The Justice Tinuade Akomolefe Wilson-led three-man panel took the decision after hearing submissions by parties to the matter.

Dissatisfied with the decision of the Federal High Court, Abuja declining jurisdiction to entertain his ‘grievance,’ Agi headed for the appellant court with seven grounds of appeal over the issue of age falsification against the governor.

Justice Abdul Kafarati had on July 31, 2015 in Suit No. FHC/ABJ/CS/25/2015 between Agi, SAN v. PDP and two others dismissed the case.

In the notice and grounds of appeal, Agi averred that “the learned trial judge erred in law and thereby occasioned a miscarriage of justice to the appellant when he declined jurisdiction and held that “the issue of payment of non-payment (sic) of subscription fees by a member of political party is an internal affair of the party concerned for which the court do not have jurisdiction to entertain”.

He argued that “the issue of non-payment of subscription fees by the third respondent (Ayade) is an infraction to the binding constitution and guidelines of the first respondent which is a condition precedent for qualification and must be fulfilled by an aspirant of the party to the gubernatorial election and the court has jurisdiction to entertain a suit founded on complaint relating to non-compliance with the constitution or guidelines of the first respondent (PDP) as a political party.

“The decision of the lower court upholding the preliminary objections of the 1st and 3rd respondents only dealt with the one ground of the appellant’s case without considering the ground of the appellant’s case bordering on presentation of conflicting age(s) declaration by the 3rd respondent to the 1st respondent contrary to Article 14 (b) and 15 (2) of the Electoral Guidelines for the Primary Elections 2014 of the Peoples Democratic Party (Exhibit JA5) and the Electoral Act.”

He said for the lower court to rely on “the decision of the Supreme Court in Ardo v. Nyako (2014)…is not applicable to the facts of the present case as the applicant in Ardo’s case did not participate in the party’s primaries which he complained against whereas the present appellant participated in the party’s primaries/choosing process and as such has the locus to complain about the non-compliance with the party’s constitution and guidelines. The decision of the Supreme Court in Ukachukwu v. PDP (2014) 17 NWLR (Part 1435) 134 is on all fours with the facts of the appellant’s case and should have been applied and relied upon by the lower court”.

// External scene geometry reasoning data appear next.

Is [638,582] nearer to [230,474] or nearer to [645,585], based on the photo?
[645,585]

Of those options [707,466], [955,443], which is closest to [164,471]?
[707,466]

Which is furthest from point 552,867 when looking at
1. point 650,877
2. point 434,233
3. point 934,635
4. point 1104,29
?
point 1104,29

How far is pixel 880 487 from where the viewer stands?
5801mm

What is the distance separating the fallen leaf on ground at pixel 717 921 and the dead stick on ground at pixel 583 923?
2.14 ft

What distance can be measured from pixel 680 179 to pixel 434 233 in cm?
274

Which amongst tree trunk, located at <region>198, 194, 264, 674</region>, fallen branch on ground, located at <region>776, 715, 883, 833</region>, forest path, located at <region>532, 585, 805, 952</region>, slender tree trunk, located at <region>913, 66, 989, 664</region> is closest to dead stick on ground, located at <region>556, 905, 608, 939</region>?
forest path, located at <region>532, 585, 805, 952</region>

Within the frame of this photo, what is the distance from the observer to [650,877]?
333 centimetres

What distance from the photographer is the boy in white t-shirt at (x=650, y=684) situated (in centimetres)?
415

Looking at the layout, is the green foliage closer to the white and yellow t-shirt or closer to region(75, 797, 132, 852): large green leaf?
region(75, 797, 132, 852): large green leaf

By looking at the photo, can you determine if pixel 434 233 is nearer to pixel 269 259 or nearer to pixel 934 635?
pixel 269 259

Agi further averred that the “learned trial judge misdirected himself in law when he predicated his decision on a point not validly raised by any of the parties when he held that: ‘the second issue raised by the plaintiff (Agi) borders on criminality, to wit, forgery and perjury. I do not want to waste time on this. It is trite that both forgery and perjury being criminal offences have to be proved beyond reasonable doubt. This suit was commenced by way of originating summons. It is impracticable to prove these by way of affidavit evidence. …”

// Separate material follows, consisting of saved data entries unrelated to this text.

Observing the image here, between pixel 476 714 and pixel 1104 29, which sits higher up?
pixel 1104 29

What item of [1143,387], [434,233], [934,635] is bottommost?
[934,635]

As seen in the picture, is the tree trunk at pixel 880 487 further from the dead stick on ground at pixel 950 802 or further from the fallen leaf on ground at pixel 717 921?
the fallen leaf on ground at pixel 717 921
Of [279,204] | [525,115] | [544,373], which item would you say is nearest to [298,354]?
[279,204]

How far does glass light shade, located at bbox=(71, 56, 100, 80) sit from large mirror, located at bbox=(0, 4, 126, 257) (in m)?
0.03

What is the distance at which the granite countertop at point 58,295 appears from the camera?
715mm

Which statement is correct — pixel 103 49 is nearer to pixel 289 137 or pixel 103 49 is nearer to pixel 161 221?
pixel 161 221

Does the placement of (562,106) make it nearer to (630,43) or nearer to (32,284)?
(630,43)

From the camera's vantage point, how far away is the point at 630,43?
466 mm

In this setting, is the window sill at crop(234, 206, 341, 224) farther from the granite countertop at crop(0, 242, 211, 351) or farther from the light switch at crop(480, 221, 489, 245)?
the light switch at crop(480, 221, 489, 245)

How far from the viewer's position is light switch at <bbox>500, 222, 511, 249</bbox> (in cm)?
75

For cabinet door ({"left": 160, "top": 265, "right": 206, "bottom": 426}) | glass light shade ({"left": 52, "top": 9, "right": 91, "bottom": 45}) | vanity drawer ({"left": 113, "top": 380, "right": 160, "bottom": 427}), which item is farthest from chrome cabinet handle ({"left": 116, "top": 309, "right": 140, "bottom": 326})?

But in his appeal, Agi said: “The issue of forgery and perjury never arose from the pleadings or evidence of any of the parties. The 1st respondent raised the issue of forgery and perjury for the first time in its oral submission in adumbration of his address without any scintilla of pleadings or evidence backing same.

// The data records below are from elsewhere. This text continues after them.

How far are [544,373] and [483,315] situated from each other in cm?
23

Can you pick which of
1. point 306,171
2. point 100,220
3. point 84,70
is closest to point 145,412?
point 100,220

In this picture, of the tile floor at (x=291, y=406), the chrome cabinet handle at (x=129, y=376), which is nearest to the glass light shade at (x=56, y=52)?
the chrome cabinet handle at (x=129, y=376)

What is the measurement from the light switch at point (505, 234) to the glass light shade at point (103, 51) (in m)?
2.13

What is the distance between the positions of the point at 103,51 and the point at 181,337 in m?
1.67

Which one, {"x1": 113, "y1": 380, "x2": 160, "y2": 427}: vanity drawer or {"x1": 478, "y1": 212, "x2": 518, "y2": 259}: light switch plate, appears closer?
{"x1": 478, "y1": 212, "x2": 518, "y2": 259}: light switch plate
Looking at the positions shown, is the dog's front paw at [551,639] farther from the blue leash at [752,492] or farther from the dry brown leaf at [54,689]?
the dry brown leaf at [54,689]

He continued: “The lower court brushed aside the mandatory provisions of Articles 14 (b) and 15(2) of the Electoral Guidelines for the Primary Elections 2014 of the Peoples Democratic Party (Exhibit JA5) and Section 87 (10) of the Electoral Act, 2010 (as amended) in order to do justice which consequently occasioned grave miscarriage of justice to the appellant”

“The issue of conflicting and contradictory declaration of age(s) by the 3rd respondent only raised question of non-compliance with mandatory provisions of applicable laws and guidelines of the 1st respondent and has nothing to do with forgery and/or perjury to be proved beyond reasonable doubt as erroneous held by the lower court”.

The lower court, according to Agi, erred in law when it held inter alia that “it was not pointed out by the plaintiff which document was forged. All these need to be properly investigated which had not been done.”